• [MATERIAL PROVIDED]:

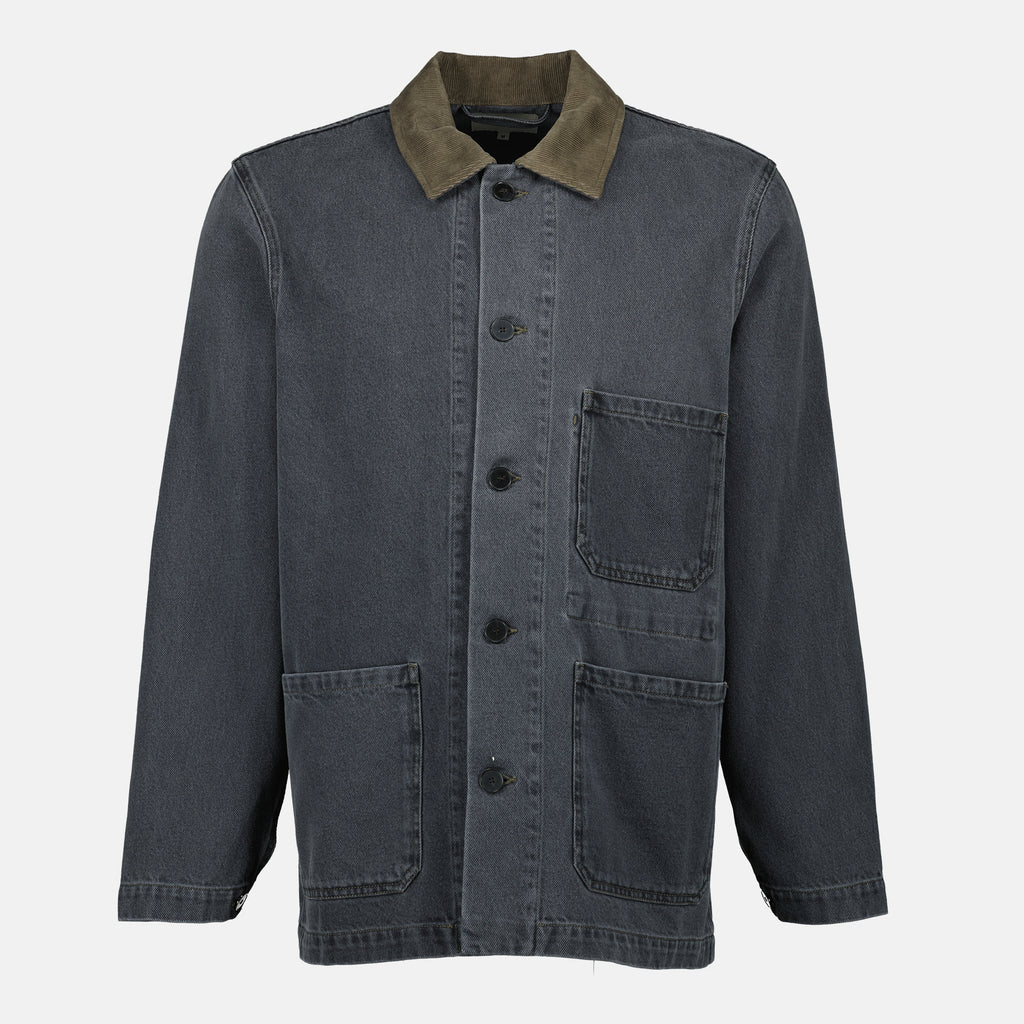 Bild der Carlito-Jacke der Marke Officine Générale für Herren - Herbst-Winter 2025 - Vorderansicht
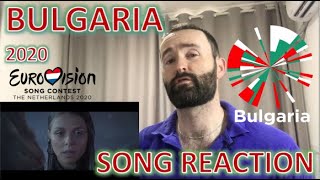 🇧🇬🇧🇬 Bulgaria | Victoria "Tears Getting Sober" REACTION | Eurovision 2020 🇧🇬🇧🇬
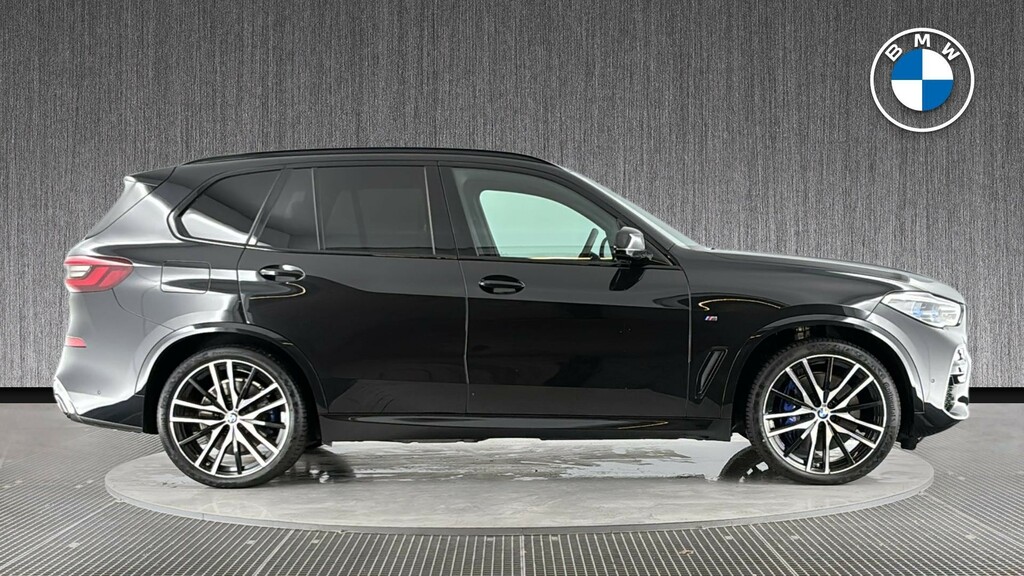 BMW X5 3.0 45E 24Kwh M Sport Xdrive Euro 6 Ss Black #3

• [ABOUT THIS EXERCISE]: Once you find the line with "Eurovision 2020 🇧🇬🇧🇬", restate it and every later line of the data word for word, excluding the pictures.

• [ANSWER BELOW]:
 🇧🇬🇧🇬 Bulgaria | Victoria "Tears Getting Sober" REACTION | Eurovision 2020 🇧🇬🇧🇬
 BMW X5 3.0 45E 24Kwh M Sport Xdrive Euro 6 Ss Black #3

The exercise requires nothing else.